Thanks - I don't know anything about RISC-V chips, so I'm deferring to others on that.

The asm diffs in existing test files show that we are affecting the default behavior of RISC-V compiles, right? If those are considered neutral or improvements, then I think this is good to go.

Gerolf added a comment.Feb 1 2023, 5:44 PM

Given that this is RISC-V and under a flag, this LGTM. I would like to see stats on the FMA's plus the changes to the cycle counts on the critical path, and see how the data correlate to your measured run-time performance numbers. And ditto for the current heuristic. This might also help understand the wide variety of results in your SPEC data. Your numbers look all over the place. Also, you can probably push your idea more by allowing a parameterized schedule window (eg 10 or 15 instructions) rather than a basic block. This would allow you to catch cases across blocks and should work better for large blocks. Finally, I would not be surprised - just learning from your insights here and guessing - that various in-order processors show best performance for different window sizes. All this is just food for thought for additional/future work though. Cheers!

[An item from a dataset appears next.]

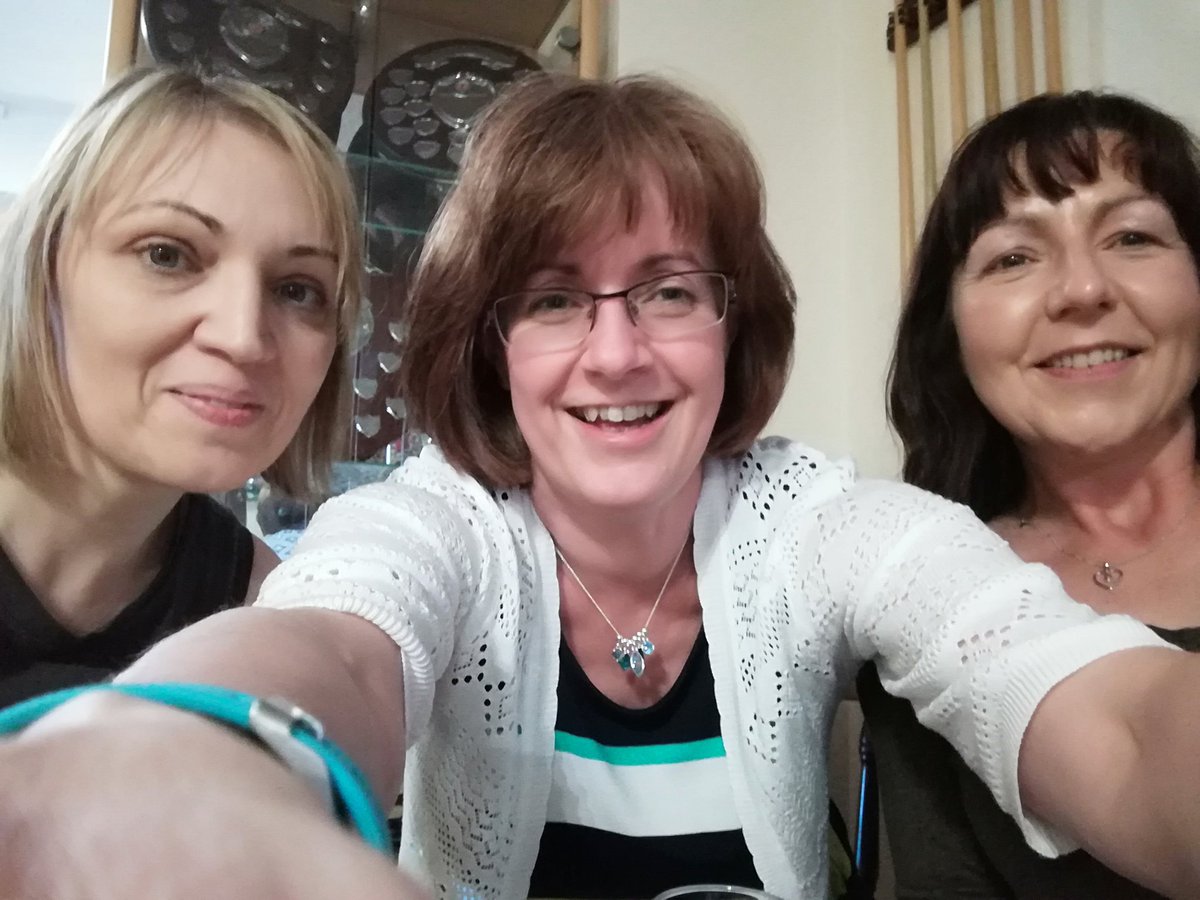 Gwenhwyfar2's tweet image. #quiznight #lsucwmseren #libraryteam #dontthinkwearegoingtowin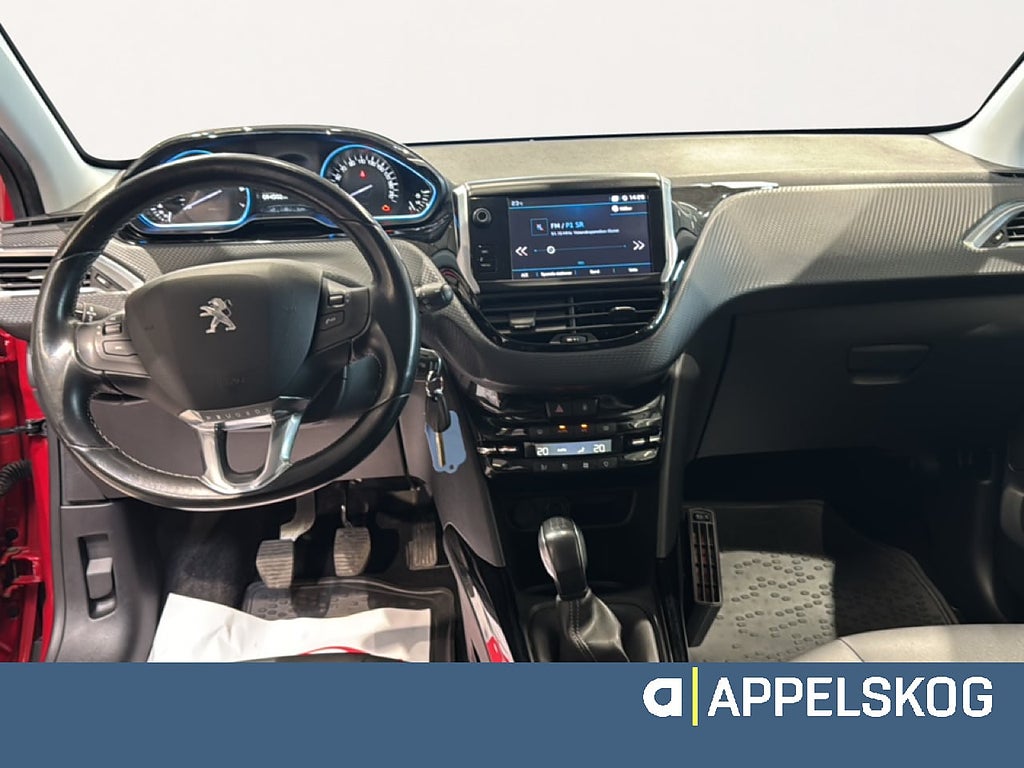Bild på Peugeot 2008 ALLURE PureTech 110 |RÄNTA 3,99%|V-HJUL INGÅR|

asi-sc updated this revision to Diff 495085.Feb 6 2023, 4:41 AM

Use MinInstrCount strategy when scheduling model is not specified.

asi-sc added a comment.Feb 6 2023, 4:57 AM

The asm diffs in existing test files show that we are affecting the default behavior of RISC-V compiles, right? If those are considered neutral or improvements, then I think this is good to go.

Thanks for the question. Although changes were neutral, I decided we shouldn't change the default behavior. At least not in this change. So, I slightly updated the patch.

Given that this is RISC-V and under a flag, this LGTM. I would like to see stats on the FMA's plus the changes to the cycle counts on the critical path, and see how the data correlate to your measured run-time performance numbers. And ditto for the current heuristic. This might also help understand the wide variety of results in your SPEC data. Your numbers look all over the place. Also, you can probably push your idea more by allowing a parameterized schedule window (eg 10 or 15 instructions) rather than a basic block. This would allow you to catch cases across blocks and should work better for large blocks. Finally, I would not be surprised - just learning from your insights here and guessing - that various in-order processors show best performance for different window sizes. All this is just food for thought for additional/future work though. Cheers!

Using a schedule window is an interesting idea, thank you. It'll definitely work better at basic block boundaries, however I can imagine basic blocks for which reasonably small schedule window won't work well because of instructions placement before scheduling. It might be a rare corner case though. I'll experiment with this idea at my free time.

spatel accepted this revision.Feb 6 2023, 5:15 AM

LGTM for the limited scope of the patch.
I don't know anything about those particular targets, so be prepared to deal with regressions/requests from developers on those platforms. :)

This revision is now accepted and ready to land.Feb 6 2023, 5:15 AM
This revision was landed with ongoing or failed builds.Feb 17 2023, 2:18 AM
This revision was automatically updated to reflect the committed changes.